Eden de Pascal Brullemans: ah! l'amour, l'amour...
Voici ma théorie sur l’amour : l’amour c’est la tête, le cœur et le cul. C’est rare d’avoir les trois à la fois, la plupart des gens se contentent de deux éléments, parfois d’un seul.
Sur la scène du Théâtre d’Aujourd’hui, le Collectif Petits Lapins propose Eden, une réflexion sur l’amour, justement, avec Justin Laramée et Émilie Gilbert qui forment un couple dans la vie depuis plus de vingt ans. Le titre fait peut-être allusion au jardin du même nom, à un endroit idyllique qui serait ce qu’on attend d’un sentiment puissant et réciproque. Qu’est-ce qui fait qu’on continue de s’aimer? Comment résister à la tentation de la nouveauté? Comment renouveler et nourrir l’entente parfaite du début d’une relation pour lui assurer une pérennité? Pascal Brullemans, dans son texte, tente de répondre à ces questions.

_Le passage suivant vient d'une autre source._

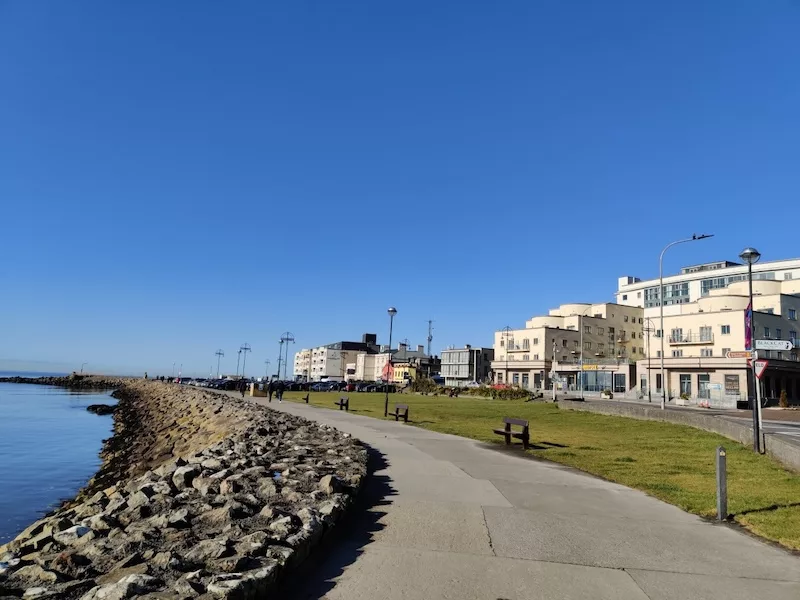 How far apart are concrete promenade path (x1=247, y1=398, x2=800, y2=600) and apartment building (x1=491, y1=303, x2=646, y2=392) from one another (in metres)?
80.5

Il ne le fait qu’en partie car l’amour comporte bien entendu sa part de mystère, son pouvoir d’attraction résidant dans le fait qu’on ne sait pas, qu’on ne saura jamais exactement, comment il se fait que ça fonctionne des fois, et d’autres pas.

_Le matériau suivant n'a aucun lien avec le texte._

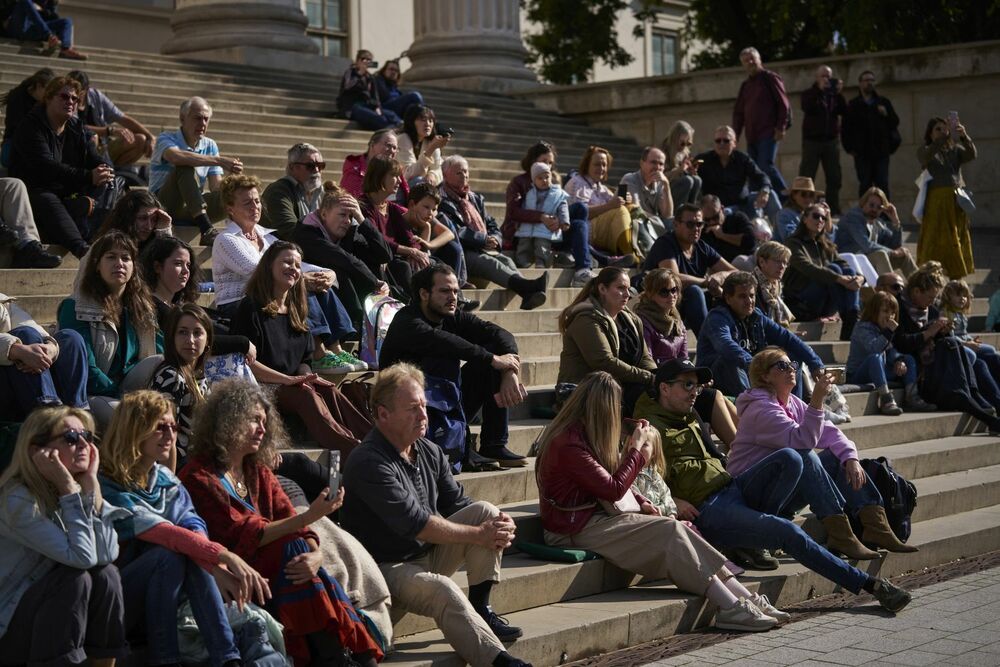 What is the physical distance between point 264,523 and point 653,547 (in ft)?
7.72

Le décor de la salle Jean-Claude-Germain est composé d’un lit, d’une chaise, de quelques accessoires et d’un grand miroir où vont se refléter et se décupler, je dirais, ce que vont vivre Justin et Émilie. Le fait que l’auditoire se voit aussi dans ce miroir n’est certainement pas gratuit. Les histoires d’amour, réussies ou pas, se ressemblent toutes et n’importe qui peut se retrouver dans des pans du dialogue ou dans les moments vécus.
Le couple va donc vivre en accéléré les différentes étapes d’une vie. Des débuts romantiques aux conflits engendrés par les choix professionnels, en passant par la naissance d’un enfant (dont on ne parle pas beaucoup, j’ai trouvé) et par la lassitude qui s’installe, la tentation de sauter la clôture et la volonté de ranimer la flamme…Justin Laramée et Émilie Gilbert sont très convaincants évidemment, très justes dans ce spectacle qui prend le temps de s’installer, de souligner les situations et l’évolution de ce couple. Il y a peut-être un peu de remplissage et la pièce qui dure une heure trente aurait pu faire une heure quinze sans qu’on y perde au change. Mais la complicité et les échanges entre les deux personnages principaux font plaisir à voir et à entendre, ils sont charmants et attachants et on voudrait devenir leurs amis.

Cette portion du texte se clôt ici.